年内最後の活動をおこなっているサッカー日本代表で、最も多くの人材を送り出しているクラブがある。けっしてビッグクラブとは言えない、ベルギーのシントトロイデンVVだ。来年おこなわれるワールドカップで優勝という大きな目標に掲げる日本代表を、欧州の小クラブはどのようにして支えているのか。サッカージャーナリスト大住良之が、その「マジック」をひも解く!
■スタジアムと関連施設は「前オーナー」が所有
だが、DMMは「プロサッカークラブ」という、いわば「ソフトウェア」を買い取っただけだった。スタジアムとその関連施設は、現在も前オーナーのローラン・デュシャトレが所有している。
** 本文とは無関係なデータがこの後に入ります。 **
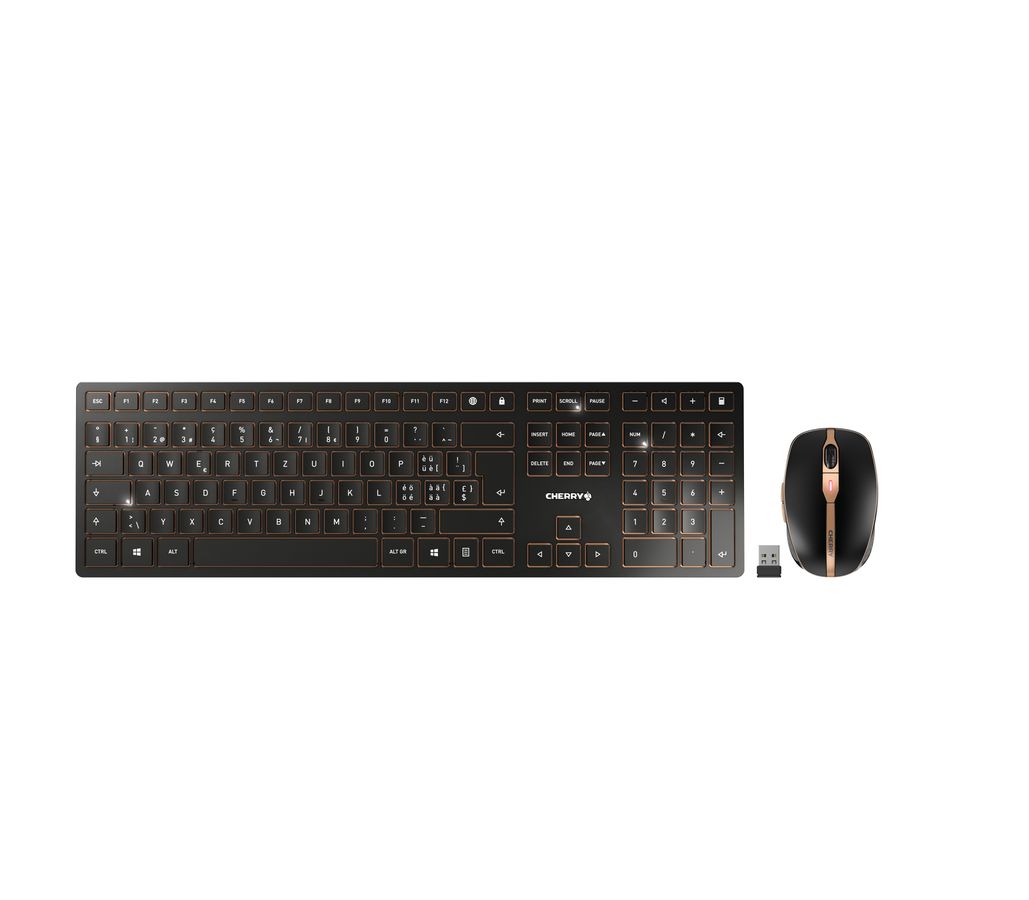 CHERRY DW 9100 SLIM clavier Souris incluse RF sans fil + Bluetooth argent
実業家であるとともにベルギーの国会議員であり、当時欧州でいくつものプロクラブを所有していたデュシャトレは、シントトロイデン駅から歩いても15分ほどの「スタイエン」というスタジアムを徹底的に商業化することを企画、2011年から2014年にかけて大改修工事を行い、現在のスタジアムを完成させた。
大きな特徴は、スタジアムに併設してショッピングセンターや貸事務所、ホテル、フィットネスセンターをつくったことだった。ホテルはこの町で最も近代的な設備を誇り、ショッピングセンターには試合がない日にもたくさんの人が訪れ、「スタイエン」は現在もデュシャトレ前会長に多大な利益をもたらしている。2023年2月には長野県安曇野市の「大王わさび農場」が命名権を獲得し、「大王わさびスタイエン」となった。
スタジアムの収容は1万1756人と小ぶり。柏レイソルの「三協フロンテア柏スタジアム」と同程度の規模と言えるだろう。ただ、ピッチは人工芝。気候的な問題でも、天然芝ピッチの管理費節約のためではない。ピッチの下に800台も収容する駐車場をつくるためだった。この駐車場が、現在、ショッピングセンターやホテルを成功させている。ピッチを人工芝にすることで「軽量化」を図り、駐車場をつくるというアイデアは卓抜だった。